Problem to solve >>
Exactly reproduce the lines from the one containing "Unknown species found" through the last line of the data, both ends included, leaving out pictures.

Data segment >>
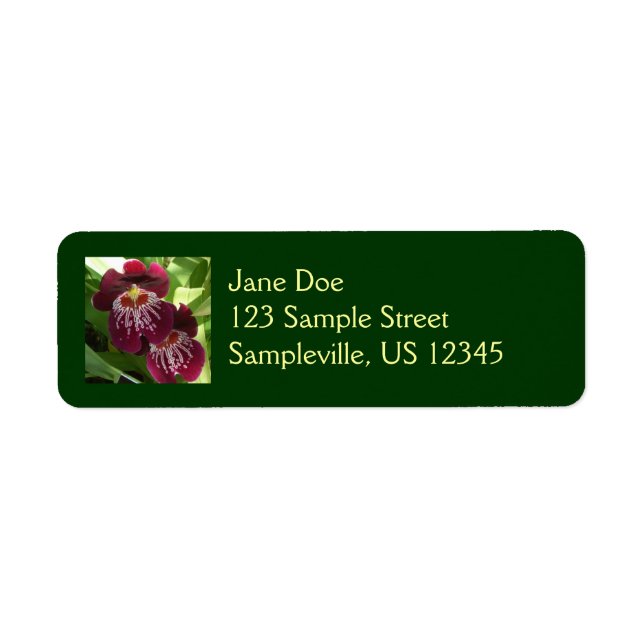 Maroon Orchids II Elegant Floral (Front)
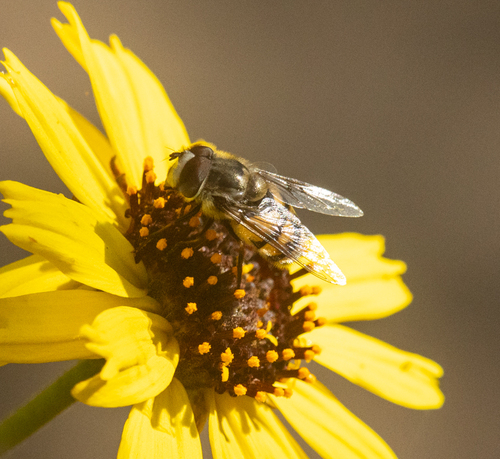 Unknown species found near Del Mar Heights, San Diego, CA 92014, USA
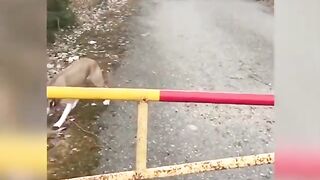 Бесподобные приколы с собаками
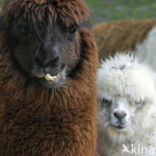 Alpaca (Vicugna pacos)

Response area >>
 Unknown species found near Del Mar Heights, San Diego, CA 92014, USA
 Бесподобные приколы с собаками
 Alpaca (Vicugna pacos)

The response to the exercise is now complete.